[Scraped caption text data]
┌──

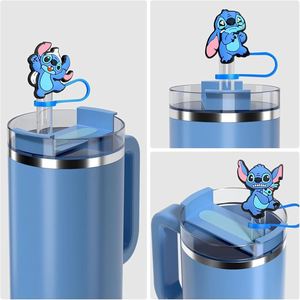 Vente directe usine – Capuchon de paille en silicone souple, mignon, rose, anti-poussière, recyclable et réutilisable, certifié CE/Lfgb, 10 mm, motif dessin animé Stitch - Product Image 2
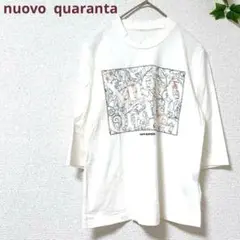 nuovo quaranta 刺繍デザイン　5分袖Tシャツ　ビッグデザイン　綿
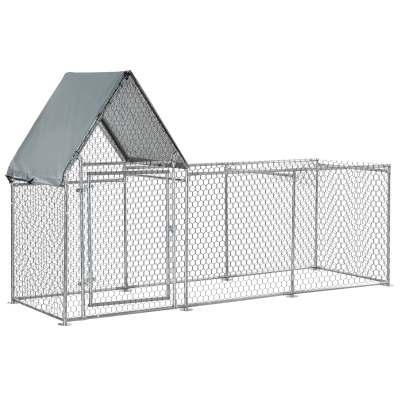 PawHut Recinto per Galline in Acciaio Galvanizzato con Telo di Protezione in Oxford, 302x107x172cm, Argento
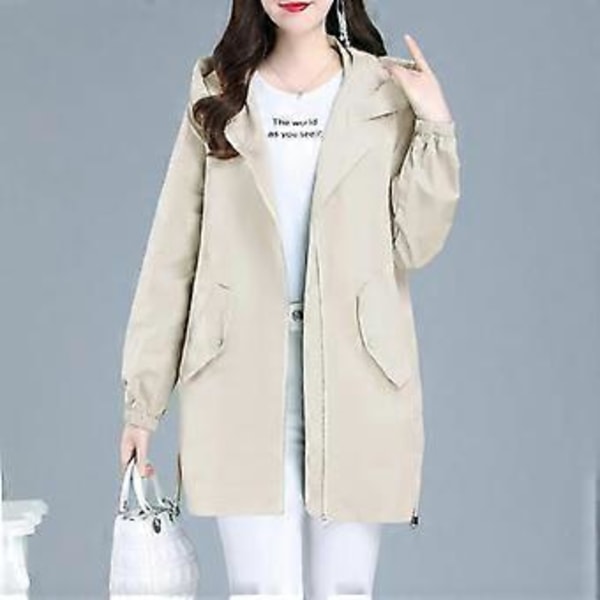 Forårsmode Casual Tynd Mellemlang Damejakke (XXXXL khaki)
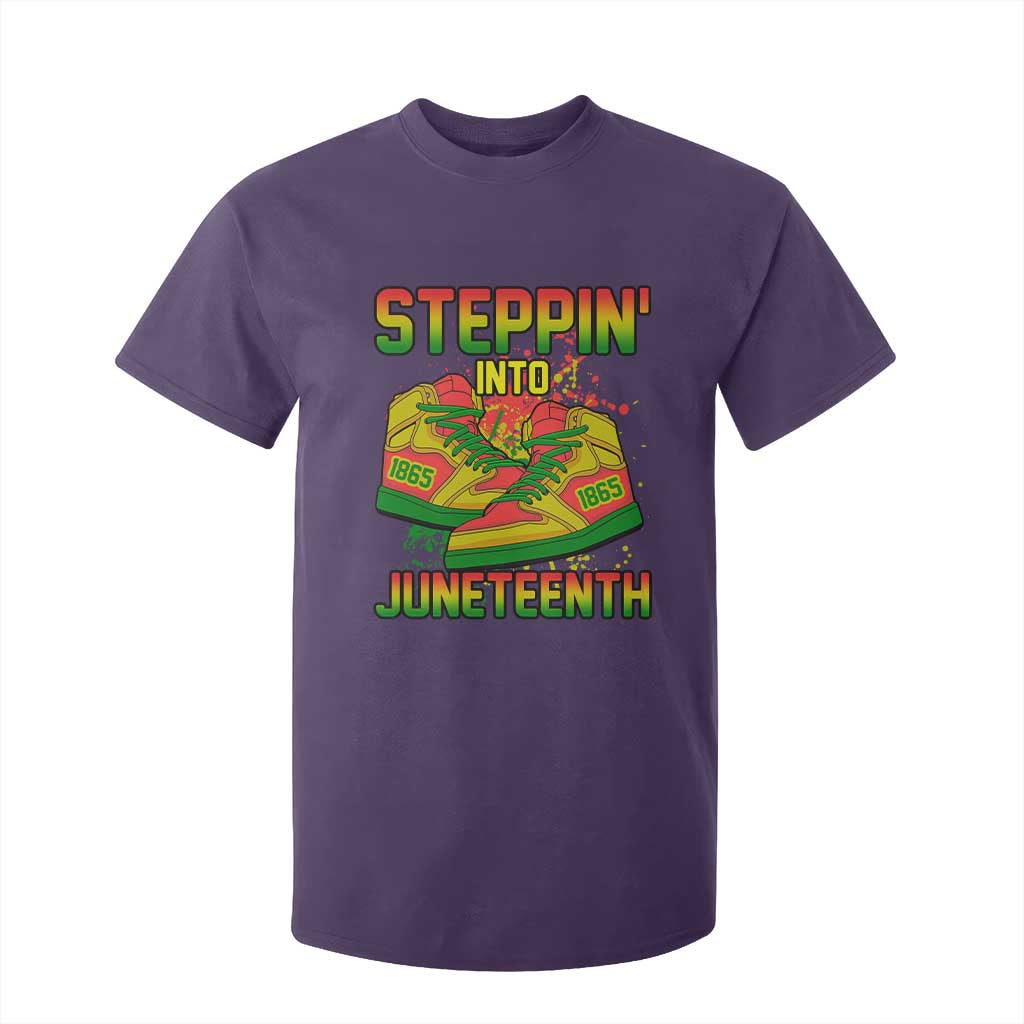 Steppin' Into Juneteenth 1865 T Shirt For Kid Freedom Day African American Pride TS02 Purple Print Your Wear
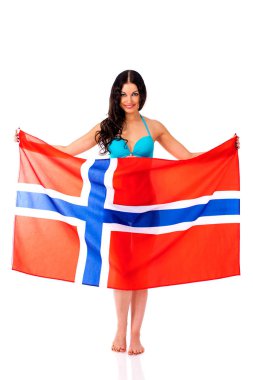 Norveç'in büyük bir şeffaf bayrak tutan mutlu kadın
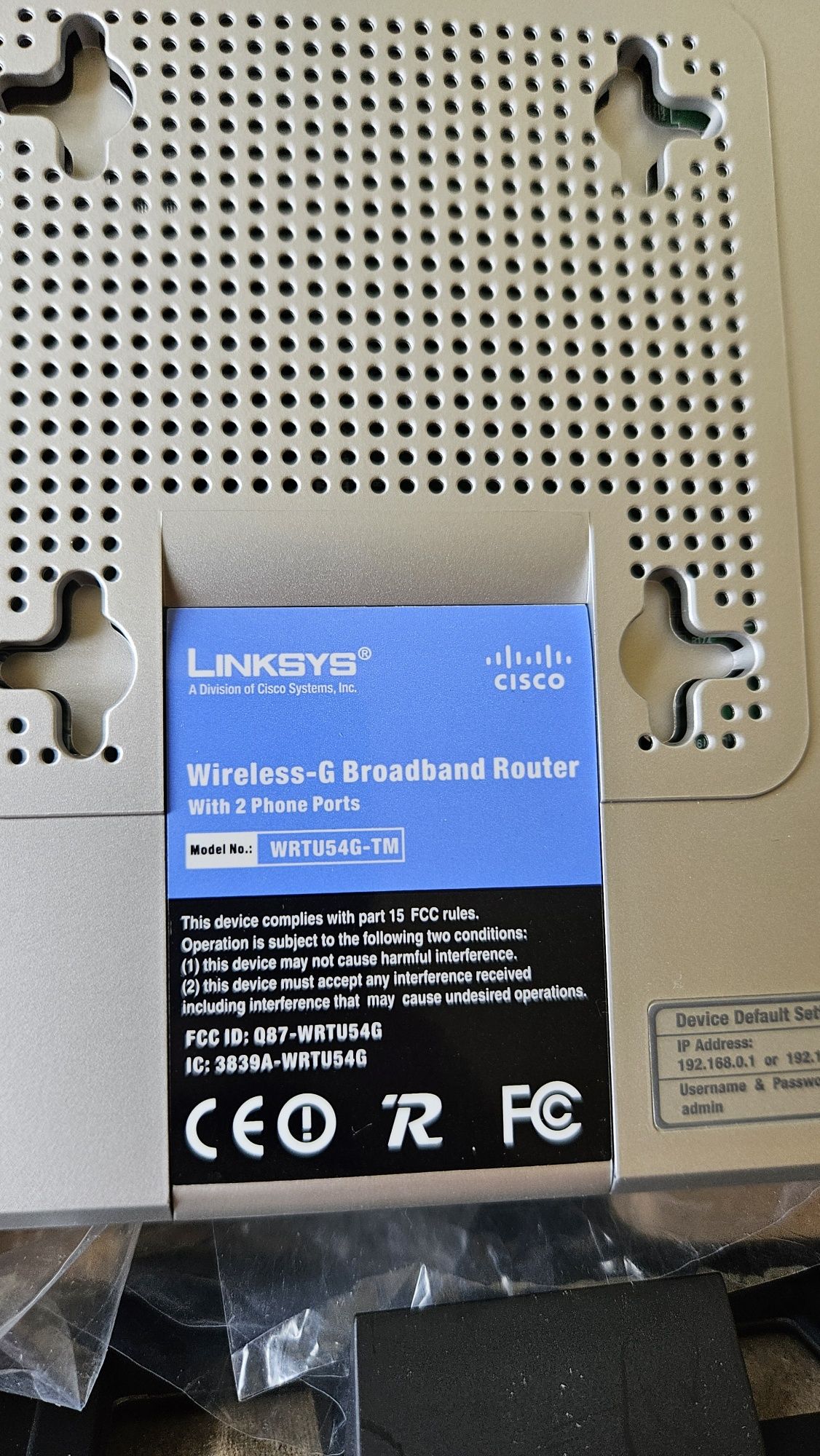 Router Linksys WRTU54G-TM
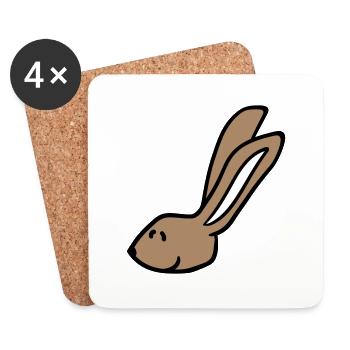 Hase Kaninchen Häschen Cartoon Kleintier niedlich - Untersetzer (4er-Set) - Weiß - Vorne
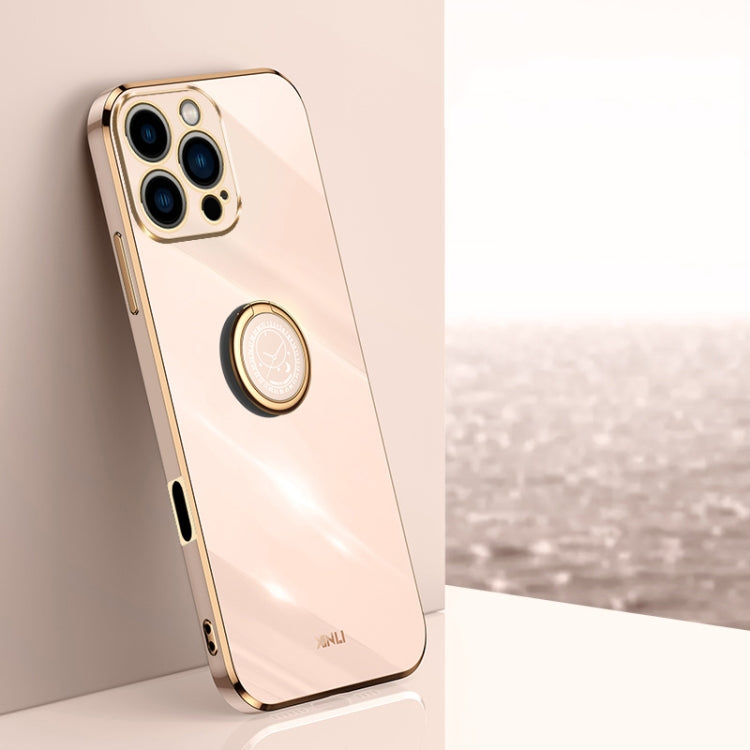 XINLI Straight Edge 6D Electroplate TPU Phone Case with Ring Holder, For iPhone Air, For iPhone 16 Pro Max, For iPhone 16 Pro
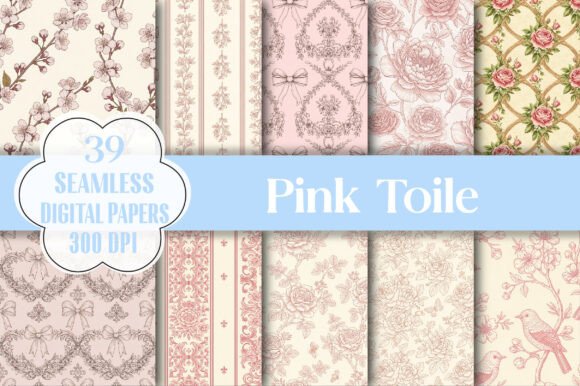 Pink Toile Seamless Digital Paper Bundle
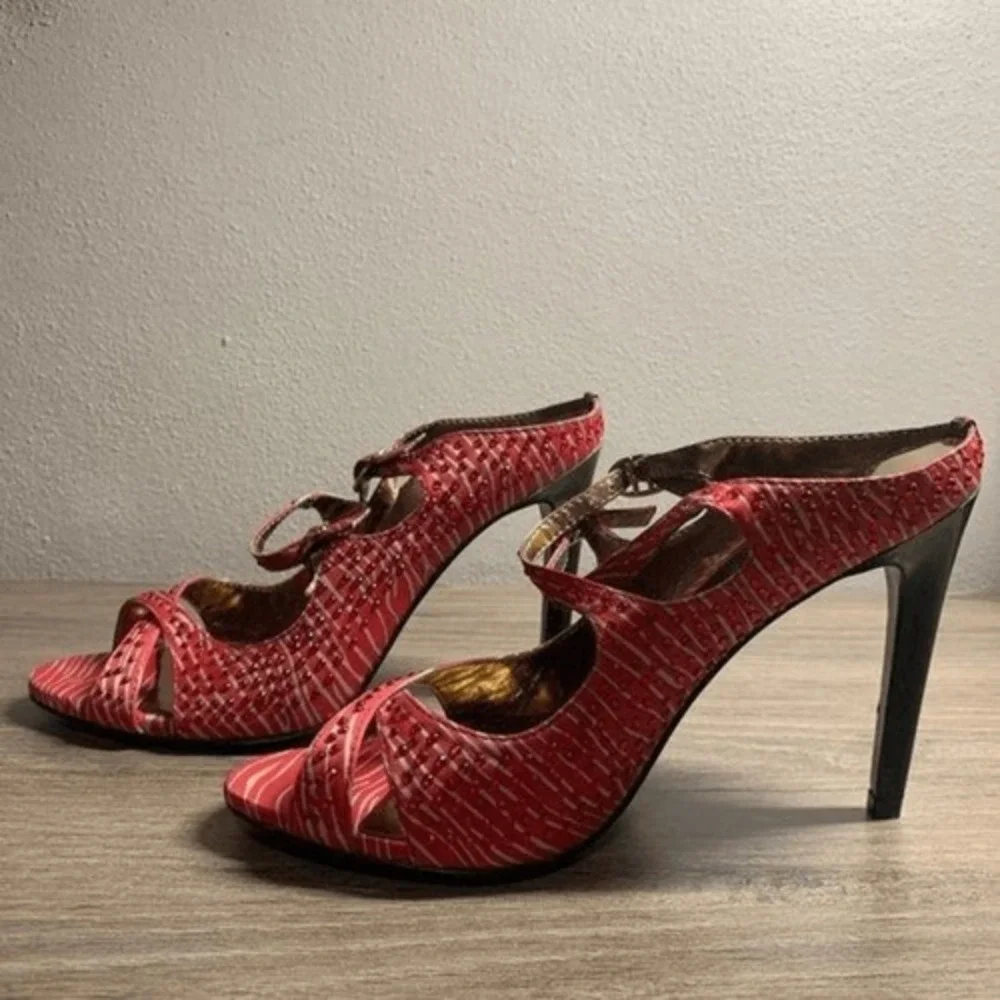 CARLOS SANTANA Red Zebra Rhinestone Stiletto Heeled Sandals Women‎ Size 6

└──

> Work instruction: Only the lines from the one containing "Steppin' Into Juneteenth" through the last line of the entries belong in the answer, given again exactly. Images stay out.

> Solution for this exercise:
 Steppin' Into Juneteenth 1865 T Shirt For Kid Freedom Day African American Pride TS02 Purple Print Your Wear
 Norveç'in büyük bir şeffaf bayrak tutan mutlu kadın
 Router Linksys WRTU54G-TM
 Hase Kaninchen Häschen Cartoon Kleintier niedlich - Untersetzer (4er-Set) - Weiß - Vorne
 XINLI Straight Edge 6D Electroplate TPU Phone Case with Ring Holder, For iPhone Air, For iPhone 16 Pro Max, For iPhone 16 Pro
 Pink Toile Seamless Digital Paper Bundle
 CARLOS SANTANA Red Zebra Rhinestone Stiletto Heeled Sandals Women‎ Size 6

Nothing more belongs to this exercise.